Saturday, August 24, 2013

United States / Historical Cases of Gendercide

Thomas Ewing Jr.
(Library of Congress)
Tom Ewing's Dirty War
By Nicole Etcheson
The New York Times, August 23, 2013
"Thomas Ewing Jr. was a conscientious man. Though never as flamboyant as his foster brother, William Tecumseh Sherman, Ewing was ambitious for political fame and fortune, as befitted the son of one of Ohio's leading Whig politicians. His father had served both in the United States Senate and in the cabinets of Presidents William Henry Harrison and Zachary Taylor. Thomas Ewing Jr., or Tom, was his father's personal secretary when the elder Ewing ran Taylor's Department of the Interior.
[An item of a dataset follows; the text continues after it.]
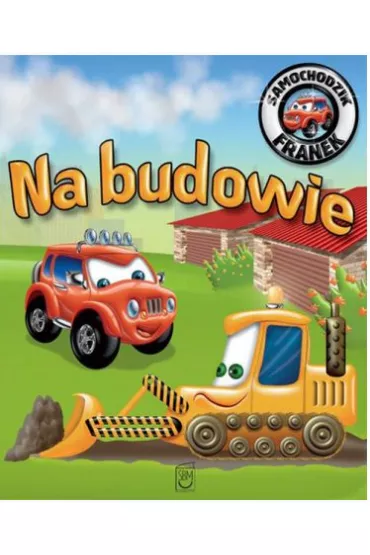 Na budowie. Samochodzik Franek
Tom Ewing graduated from Brown University and became a lawyer. He migrated to Kansas Territory and settled in Leavenworth, where he practiced law, speculated in land and railroads, and engaged in free-state politics. Kenneth J. Heineman, a biographer of the Ewing family, believes Tom wanted to re-create in Kansas his father's rise to wealth and power a generation earlier on the Ohio frontier. But drought and political instability in Kansas rendered Ewing's land speculations unprofitable, leaving him in debt and reliant on income from his law practice when the secession crisis came. ... Tom became colonel of the 11th Kansas Infantry, which stayed in the Midwest. Early on, Tom had not seen the Missourians as a threat to Kansas, and doubted that they would disturb 'the Kansas Hornets nest.' Considering the Missourians 'devils, but also cowards,' he was actually more worried about the destabilizing incursions of Kansas Jayhawkers into Missouri. ... Along the border, Kansans and Missourians had persisted in the animosities of the pre-war period. Kansas Jayhawkers, under leaders like the fiery James H. Lane, who had received one of the Kansas senate seats, had been sent away from the border because of their depredations against Missourians. Yet increasingly, the problem was that of bushwhackers, pro-Confederate guerrillas, who attacked Union troops and targets inside Missouri, and occasionally raided across the border into Kansas.